# US Withholding Tax



## GeorgieMPorgie (Oct 21, 2010)

If I purchase a Canadian stock like Royal Bank (RY) on the NYSE in US funds. will taxes be withheld on the dividends?


----------



## Cal (Jun 17, 2009)

Not if you hold it in your RRSP.


----------



## GeorgieMPorgie (Oct 21, 2010)

What if it's not in my RRSP. Since it's a Canadian company I though I wouldn't have to pay the withholding tax?


----------



## humble_pie (Jun 7, 2009)

one can purchase canadian stocks on toronto & journal them over to US account in order to capture the primary USD dividends without any exchange fee from transfer agents, or to support the margin position of short USD options on that same stock;

or

one can purchase canadian stocks on US exchanges & keep them in USD accounts for the above reasons;

and

all will be well.

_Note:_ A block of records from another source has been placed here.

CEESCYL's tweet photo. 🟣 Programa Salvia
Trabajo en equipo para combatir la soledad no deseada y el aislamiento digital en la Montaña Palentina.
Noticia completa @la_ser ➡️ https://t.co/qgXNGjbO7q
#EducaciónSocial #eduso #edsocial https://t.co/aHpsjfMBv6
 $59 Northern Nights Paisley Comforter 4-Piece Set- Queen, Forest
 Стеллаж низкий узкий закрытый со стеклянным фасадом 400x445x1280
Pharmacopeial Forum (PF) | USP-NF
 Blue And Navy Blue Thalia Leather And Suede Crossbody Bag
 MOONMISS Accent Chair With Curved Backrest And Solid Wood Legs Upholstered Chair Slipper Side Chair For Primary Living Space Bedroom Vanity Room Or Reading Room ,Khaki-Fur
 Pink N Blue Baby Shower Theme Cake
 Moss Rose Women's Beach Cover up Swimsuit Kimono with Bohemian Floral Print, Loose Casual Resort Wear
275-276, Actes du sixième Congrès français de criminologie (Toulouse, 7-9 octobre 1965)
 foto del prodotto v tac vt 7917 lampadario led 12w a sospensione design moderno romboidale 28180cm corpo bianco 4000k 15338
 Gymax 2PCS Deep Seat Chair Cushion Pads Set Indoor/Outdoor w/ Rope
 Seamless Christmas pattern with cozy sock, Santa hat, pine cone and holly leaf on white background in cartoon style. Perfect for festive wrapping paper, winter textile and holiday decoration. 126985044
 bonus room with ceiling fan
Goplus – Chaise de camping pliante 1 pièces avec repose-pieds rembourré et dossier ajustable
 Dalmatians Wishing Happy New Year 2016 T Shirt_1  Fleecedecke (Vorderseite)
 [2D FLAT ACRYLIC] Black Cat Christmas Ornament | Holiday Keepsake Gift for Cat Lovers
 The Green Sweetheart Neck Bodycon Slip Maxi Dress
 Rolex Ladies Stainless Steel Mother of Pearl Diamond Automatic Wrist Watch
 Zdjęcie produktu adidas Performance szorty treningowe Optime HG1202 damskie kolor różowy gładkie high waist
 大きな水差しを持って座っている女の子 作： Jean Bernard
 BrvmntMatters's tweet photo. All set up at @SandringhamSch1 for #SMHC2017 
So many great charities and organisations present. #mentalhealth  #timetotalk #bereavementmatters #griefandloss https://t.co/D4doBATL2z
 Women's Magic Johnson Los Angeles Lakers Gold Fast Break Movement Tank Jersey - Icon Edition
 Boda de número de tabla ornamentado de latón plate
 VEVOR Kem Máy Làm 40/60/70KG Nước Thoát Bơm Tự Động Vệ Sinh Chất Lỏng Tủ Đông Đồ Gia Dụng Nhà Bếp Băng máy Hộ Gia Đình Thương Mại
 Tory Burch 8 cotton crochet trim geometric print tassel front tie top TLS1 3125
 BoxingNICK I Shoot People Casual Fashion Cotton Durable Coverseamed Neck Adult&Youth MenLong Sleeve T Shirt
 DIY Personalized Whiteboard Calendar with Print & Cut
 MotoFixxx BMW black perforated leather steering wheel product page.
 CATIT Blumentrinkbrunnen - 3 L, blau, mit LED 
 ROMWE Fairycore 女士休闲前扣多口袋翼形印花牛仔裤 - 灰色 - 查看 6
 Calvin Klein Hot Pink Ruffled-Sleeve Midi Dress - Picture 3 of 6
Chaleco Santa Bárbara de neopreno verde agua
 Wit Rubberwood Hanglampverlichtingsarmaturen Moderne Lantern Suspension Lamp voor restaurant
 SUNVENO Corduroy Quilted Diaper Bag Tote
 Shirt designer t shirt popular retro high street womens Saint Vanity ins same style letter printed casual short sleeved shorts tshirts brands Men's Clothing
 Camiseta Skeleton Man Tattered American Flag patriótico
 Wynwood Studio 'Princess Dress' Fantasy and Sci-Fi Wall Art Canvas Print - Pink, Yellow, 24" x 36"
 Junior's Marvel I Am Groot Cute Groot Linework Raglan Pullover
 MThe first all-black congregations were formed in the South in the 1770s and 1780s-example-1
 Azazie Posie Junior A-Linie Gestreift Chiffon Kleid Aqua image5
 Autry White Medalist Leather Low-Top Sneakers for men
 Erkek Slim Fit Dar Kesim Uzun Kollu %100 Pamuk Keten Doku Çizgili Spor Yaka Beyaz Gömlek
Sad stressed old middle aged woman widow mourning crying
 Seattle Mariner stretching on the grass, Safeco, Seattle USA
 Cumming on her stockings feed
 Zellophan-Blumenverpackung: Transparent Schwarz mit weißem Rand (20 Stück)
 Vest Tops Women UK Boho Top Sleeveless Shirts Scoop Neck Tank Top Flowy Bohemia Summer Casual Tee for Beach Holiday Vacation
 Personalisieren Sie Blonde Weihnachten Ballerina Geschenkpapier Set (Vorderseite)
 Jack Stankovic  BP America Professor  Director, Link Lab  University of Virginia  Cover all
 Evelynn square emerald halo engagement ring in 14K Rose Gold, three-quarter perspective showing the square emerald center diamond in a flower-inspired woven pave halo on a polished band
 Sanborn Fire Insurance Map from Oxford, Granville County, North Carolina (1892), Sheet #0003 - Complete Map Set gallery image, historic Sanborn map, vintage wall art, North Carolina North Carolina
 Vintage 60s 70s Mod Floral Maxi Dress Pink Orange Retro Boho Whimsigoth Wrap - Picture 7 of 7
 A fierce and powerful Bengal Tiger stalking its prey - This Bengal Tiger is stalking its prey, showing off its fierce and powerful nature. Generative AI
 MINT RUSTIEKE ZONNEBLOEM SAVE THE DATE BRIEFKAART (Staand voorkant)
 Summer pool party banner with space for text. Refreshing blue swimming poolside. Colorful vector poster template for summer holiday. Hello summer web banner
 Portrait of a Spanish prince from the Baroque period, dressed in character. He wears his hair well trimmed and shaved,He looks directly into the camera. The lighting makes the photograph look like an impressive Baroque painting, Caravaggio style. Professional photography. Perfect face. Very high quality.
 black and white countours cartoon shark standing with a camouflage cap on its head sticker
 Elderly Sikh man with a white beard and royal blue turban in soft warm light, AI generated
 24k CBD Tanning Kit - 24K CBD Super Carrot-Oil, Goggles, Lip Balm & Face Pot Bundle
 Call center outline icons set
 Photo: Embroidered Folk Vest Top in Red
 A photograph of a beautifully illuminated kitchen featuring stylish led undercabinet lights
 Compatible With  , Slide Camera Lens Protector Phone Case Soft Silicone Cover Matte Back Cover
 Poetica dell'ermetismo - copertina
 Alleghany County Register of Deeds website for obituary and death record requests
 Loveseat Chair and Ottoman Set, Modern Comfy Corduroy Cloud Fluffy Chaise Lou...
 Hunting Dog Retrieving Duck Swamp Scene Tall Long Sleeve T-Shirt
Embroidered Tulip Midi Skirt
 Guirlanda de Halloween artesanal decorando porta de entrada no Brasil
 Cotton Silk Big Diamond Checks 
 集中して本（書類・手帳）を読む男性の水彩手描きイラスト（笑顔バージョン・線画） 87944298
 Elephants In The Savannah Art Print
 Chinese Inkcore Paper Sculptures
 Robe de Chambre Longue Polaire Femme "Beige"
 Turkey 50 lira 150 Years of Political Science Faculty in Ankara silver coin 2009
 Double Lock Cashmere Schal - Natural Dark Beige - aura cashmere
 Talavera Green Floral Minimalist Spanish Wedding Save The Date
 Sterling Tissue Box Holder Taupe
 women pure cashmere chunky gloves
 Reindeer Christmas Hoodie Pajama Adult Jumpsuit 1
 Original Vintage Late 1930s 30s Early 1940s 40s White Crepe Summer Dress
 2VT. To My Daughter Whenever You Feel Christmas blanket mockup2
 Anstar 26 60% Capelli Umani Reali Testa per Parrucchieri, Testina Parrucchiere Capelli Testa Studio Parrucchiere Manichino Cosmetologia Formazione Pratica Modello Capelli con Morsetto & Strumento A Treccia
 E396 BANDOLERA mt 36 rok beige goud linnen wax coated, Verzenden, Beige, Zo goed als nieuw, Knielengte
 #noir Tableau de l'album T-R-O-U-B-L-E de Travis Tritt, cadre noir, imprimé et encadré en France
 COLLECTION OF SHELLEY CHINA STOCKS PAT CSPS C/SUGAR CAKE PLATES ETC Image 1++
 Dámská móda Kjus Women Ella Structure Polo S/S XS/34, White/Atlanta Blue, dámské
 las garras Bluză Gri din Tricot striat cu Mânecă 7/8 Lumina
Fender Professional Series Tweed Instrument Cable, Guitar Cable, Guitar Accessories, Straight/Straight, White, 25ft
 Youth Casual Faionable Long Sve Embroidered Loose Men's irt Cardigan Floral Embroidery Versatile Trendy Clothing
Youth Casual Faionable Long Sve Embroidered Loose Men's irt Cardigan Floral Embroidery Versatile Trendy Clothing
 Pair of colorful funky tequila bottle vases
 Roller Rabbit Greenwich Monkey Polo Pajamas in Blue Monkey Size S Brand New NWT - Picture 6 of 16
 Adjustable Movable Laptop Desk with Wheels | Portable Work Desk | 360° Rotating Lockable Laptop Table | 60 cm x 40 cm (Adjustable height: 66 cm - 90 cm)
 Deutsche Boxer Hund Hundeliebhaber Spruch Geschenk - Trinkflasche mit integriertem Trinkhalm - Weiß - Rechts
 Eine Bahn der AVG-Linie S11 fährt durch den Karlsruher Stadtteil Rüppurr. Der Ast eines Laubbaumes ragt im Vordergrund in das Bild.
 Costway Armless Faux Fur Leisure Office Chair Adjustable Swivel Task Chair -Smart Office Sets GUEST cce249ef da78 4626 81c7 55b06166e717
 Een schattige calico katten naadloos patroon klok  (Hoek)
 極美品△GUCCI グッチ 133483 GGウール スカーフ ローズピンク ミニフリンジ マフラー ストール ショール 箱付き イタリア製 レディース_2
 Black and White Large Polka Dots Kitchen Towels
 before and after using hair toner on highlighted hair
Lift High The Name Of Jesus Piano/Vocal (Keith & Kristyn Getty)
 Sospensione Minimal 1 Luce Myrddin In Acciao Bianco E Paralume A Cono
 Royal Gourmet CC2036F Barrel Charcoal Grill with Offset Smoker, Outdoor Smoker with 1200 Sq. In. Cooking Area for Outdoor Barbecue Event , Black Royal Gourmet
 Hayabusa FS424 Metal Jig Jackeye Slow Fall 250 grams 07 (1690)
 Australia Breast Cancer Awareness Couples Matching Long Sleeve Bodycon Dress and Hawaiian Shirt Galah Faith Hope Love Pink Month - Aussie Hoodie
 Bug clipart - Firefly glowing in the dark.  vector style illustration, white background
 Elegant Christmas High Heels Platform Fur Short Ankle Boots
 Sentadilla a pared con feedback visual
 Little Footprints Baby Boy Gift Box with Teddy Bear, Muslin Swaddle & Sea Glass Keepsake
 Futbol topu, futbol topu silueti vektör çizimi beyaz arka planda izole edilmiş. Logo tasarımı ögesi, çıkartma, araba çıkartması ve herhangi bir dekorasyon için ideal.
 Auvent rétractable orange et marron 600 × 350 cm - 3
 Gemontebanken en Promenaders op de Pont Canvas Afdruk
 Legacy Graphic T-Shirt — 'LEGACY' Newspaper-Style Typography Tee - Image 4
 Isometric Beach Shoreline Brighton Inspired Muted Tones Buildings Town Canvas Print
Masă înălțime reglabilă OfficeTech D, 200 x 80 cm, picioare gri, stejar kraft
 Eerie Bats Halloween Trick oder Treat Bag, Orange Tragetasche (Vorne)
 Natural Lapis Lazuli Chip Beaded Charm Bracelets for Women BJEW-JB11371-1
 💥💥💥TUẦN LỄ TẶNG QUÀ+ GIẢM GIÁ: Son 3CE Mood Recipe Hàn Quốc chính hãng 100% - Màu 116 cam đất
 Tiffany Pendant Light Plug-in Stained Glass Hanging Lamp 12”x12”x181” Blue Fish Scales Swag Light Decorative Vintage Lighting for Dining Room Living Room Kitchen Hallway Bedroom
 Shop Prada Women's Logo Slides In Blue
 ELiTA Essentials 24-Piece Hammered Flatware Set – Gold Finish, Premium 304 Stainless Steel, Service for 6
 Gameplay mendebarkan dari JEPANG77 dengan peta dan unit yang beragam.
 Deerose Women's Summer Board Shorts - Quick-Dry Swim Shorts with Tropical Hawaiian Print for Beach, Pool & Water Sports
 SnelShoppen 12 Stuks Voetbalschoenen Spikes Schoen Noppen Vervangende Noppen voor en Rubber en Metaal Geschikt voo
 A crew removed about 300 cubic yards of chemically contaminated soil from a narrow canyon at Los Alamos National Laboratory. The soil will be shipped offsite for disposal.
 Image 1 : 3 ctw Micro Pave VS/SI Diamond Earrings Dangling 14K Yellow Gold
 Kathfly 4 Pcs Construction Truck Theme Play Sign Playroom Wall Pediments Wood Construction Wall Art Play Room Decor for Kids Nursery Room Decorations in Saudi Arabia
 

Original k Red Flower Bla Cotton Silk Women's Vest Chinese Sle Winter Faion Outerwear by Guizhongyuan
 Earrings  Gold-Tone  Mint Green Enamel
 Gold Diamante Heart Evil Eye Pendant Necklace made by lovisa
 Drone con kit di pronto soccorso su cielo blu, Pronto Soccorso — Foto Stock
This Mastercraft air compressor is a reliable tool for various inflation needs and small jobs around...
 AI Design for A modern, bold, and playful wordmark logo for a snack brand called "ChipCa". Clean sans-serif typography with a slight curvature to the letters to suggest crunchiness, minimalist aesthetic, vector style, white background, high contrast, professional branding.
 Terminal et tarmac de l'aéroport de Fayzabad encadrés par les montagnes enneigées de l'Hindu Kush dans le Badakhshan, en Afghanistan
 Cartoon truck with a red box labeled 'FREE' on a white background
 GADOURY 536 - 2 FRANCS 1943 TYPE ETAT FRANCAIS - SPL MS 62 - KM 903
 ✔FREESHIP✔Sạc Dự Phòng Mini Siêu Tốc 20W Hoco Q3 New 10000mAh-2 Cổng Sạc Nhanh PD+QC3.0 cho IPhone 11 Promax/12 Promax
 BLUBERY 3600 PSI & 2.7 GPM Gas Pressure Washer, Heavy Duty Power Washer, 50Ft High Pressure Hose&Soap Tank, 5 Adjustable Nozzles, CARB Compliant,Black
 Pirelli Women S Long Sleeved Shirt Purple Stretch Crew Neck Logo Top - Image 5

There will be no withholding whether margin, cash or registered account. Furthermore, T5 tax slips will render the correct grossed-up dividend figures & the correct dividend tax credits. The only slight catch is that these T5s will be in US dollars, so the investor has to convert the currency for his canadian tax return.

this has been my experience.


----------



## CanadianCapitalist (Mar 31, 2009)

humble_pie said:


> all will be well. There will be no withholding whether margin, cash or registered account. Furthermore, T5 tax slips will render the correct grossed-up dividend figures & the correct dividend tax credits. The only slight catch is that these T5s will be in US dollars, so the investor has to convert the currency for his canadian tax return.
> 
> this has been my experience.


I was stumped by this question. Thanks for clarifying.


----------